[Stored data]
○ ○ ○ ○ ○ ○ ○
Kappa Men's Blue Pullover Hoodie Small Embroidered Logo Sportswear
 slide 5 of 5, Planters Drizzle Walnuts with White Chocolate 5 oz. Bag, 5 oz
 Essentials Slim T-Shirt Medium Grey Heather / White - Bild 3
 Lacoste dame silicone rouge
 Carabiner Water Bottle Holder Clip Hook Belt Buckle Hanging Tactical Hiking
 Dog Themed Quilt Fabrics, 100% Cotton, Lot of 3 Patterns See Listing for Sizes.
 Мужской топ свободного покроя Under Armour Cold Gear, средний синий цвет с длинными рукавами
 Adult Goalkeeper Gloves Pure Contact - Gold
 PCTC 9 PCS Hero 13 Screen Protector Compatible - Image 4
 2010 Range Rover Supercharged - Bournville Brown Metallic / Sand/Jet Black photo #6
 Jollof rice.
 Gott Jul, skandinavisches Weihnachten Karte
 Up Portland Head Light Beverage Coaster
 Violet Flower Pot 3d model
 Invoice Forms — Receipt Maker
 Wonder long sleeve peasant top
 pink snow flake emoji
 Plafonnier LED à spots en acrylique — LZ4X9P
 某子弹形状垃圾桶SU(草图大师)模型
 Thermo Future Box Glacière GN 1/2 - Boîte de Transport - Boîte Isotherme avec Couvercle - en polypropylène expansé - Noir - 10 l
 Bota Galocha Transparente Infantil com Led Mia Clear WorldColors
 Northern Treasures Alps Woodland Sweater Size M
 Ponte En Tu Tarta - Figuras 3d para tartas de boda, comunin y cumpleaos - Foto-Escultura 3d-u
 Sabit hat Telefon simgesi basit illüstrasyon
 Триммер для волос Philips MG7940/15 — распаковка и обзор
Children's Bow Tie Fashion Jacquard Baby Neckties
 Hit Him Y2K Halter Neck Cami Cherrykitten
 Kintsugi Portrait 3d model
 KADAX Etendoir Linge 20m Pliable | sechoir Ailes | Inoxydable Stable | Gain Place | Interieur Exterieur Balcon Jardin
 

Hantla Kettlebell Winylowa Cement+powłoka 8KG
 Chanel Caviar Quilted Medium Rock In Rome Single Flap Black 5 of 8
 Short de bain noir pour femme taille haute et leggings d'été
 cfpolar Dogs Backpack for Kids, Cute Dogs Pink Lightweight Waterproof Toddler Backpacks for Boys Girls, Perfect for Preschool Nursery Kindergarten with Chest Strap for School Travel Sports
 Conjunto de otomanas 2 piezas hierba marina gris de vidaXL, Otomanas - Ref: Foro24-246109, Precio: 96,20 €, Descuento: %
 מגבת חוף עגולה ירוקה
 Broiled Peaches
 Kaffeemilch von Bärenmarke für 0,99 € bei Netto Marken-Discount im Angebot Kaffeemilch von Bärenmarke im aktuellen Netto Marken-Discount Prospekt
○ ○ ○ ○ ○ ○ ○
## Description of the task
In full and without changes, give the data above once more.

## The answer
Kappa Men's Blue Pullover Hoodie Small Embroidered Logo Sportswear
 slide 5 of 5, Planters Drizzle Walnuts with White Chocolate 5 oz. Bag, 5 oz
 Essentials Slim T-Shirt Medium Grey Heather / White - Bild 3
 Lacoste dame silicone rouge
 Carabiner Water Bottle Holder Clip Hook Belt Buckle Hanging Tactical Hiking
 Dog Themed Quilt Fabrics, 100% Cotton, Lot of 3 Patterns See Listing for Sizes.
 Мужской топ свободного покроя Under Armour Cold Gear, средний синий цвет с длинными рукавами
 Adult Goalkeeper Gloves Pure Contact - Gold
 PCTC 9 PCS Hero 13 Screen Protector Compatible - Image 4
 2010 Range Rover Supercharged - Bournville Brown Metallic / Sand/Jet Black photo #6
 Jollof rice.
 Gott Jul, skandinavisches Weihnachten Karte
 Up Portland Head Light Beverage Coaster
 Violet Flower Pot 3d model
 Invoice Forms — Receipt Maker
 Wonder long sleeve peasant top
 pink snow flake emoji
 Plafonnier LED à spots en acrylique — LZ4X9P
 某子弹形状垃圾桶SU(草图大师)模型
 Thermo Future Box Glacière GN 1/2 - Boîte de Transport - Boîte Isotherme avec Couvercle - en polypropylène expansé - Noir - 10 l
 Bota Galocha Transparente Infantil com Led Mia Clear WorldColors
 Northern Treasures Alps Woodland Sweater Size M
 Ponte En Tu Tarta - Figuras 3d para tartas de boda, comunin y cumpleaos - Foto-Escultura 3d-u
 Sabit hat Telefon simgesi basit illüstrasyon
 Триммер для волос Philips MG7940/15 — распаковка и обзор
Children's Bow Tie Fashion Jacquard Baby Neckties
 Hit Him Y2K Halter Neck Cami Cherrykitten
 Kintsugi Portrait 3d model
 KADAX Etendoir Linge 20m Pliable | sechoir Ailes | Inoxydable Stable | Gain Place | Interieur Exterieur Balcon Jardin
 

Hantla Kettlebell Winylowa Cement+powłoka 8KG
 Chanel Caviar Quilted Medium Rock In Rome Single Flap Black 5 of 8
 Short de bain noir pour femme taille haute et leggings d'été
 cfpolar Dogs Backpack for Kids, Cute Dogs Pink Lightweight Waterproof Toddler Backpacks for Boys Girls, Perfect for Preschool Nursery Kindergarten with Chest Strap for School Travel Sports
 Conjunto de otomanas 2 piezas hierba marina gris de vidaXL, Otomanas - Ref: Foro24-246109, Precio: 96,20 €, Descuento: %
 מגבת חוף עגולה ירוקה
 Broiled Peaches
 Kaffeemilch von Bärenmarke für 0,99 € bei Netto Marken-Discount im Angebot Kaffeemilch von Bärenmarke im aktuellen Netto Marken-Discount Prospekt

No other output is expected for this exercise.